Decreasing inflammation via hydrostatic pressure
When recovering from surgery, many doctors suggest swimming as a choice form of no-impact aerobic exercise. Thanks to the hydrostatic pressure surrounding the body while submerged in water, aquatic therapy lowers the likelihood of swelling. Swimming also allows for increased mobility, limiting discomfort and allowing the patient to move forward in physical therapy goals. Finally, swimming helps increase blood flow throughout the body, promoting overall healing and patient wellbeing.
Less pain, more gain
Another integral benefit to aquatic therapy is pain reduction. The hydrostatic pressure underwater acts as a compression band on the patient’s limbs and body, reducing muscle spasms while putting appropriate pressure on muscles. The gentle yet constant pressure minimizes the pain associated with physical therapy exercises used to rehabilitate patients after reconstructive surgeries. Swimming relaxes the body as well, with patients reporting an increase in energy and stamina after sessions in the water.
The shortcut to recovery
Swimming is an initial time investment, but aquatic therapy pays off rapidly by shortening a patient’s overall recovery time. To enjoy the benefits while not pushing the body too far, some experts recommend starting with three days a week at 20-30 minutes per workout. While the rate of recovery depends on the procedure as well as the age and health of a patient, water rehabilitation can get patients into physical therapy within days of reconstructive surgery. The faster a patient starts physical therapy, the quicker a patient can regain range of motion and return to normal functioning.

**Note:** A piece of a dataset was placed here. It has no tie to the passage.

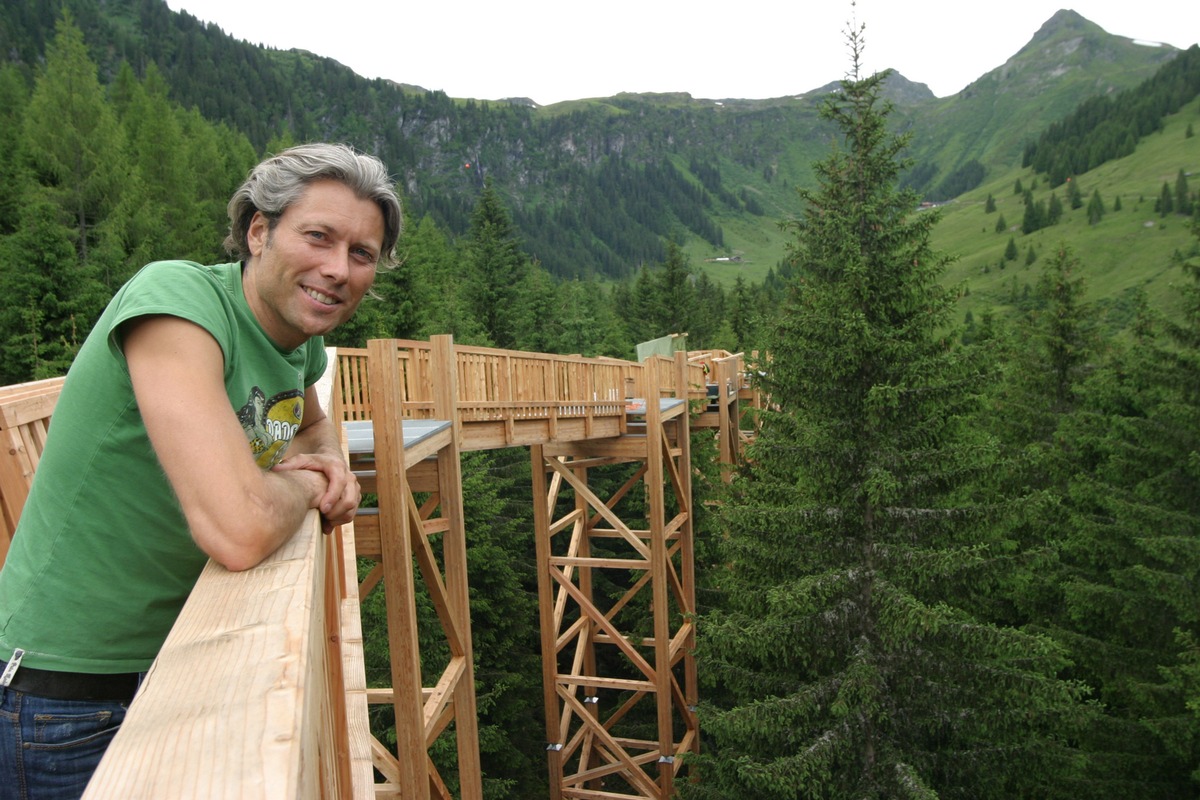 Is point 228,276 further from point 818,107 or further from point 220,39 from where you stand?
point 220,39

Getting healthy in 20 minutes or less
Swimming promotes aerobic health with less pressure on joints and hydrostatic pressure underwater, acting as a compression tool. Furthermore, being submerged in water allows patients more mobility while lowering muscle spasms and general discomfort incidents. In as little as 20 minutes per swimming session, patients can move down the road to recovery faster than expected.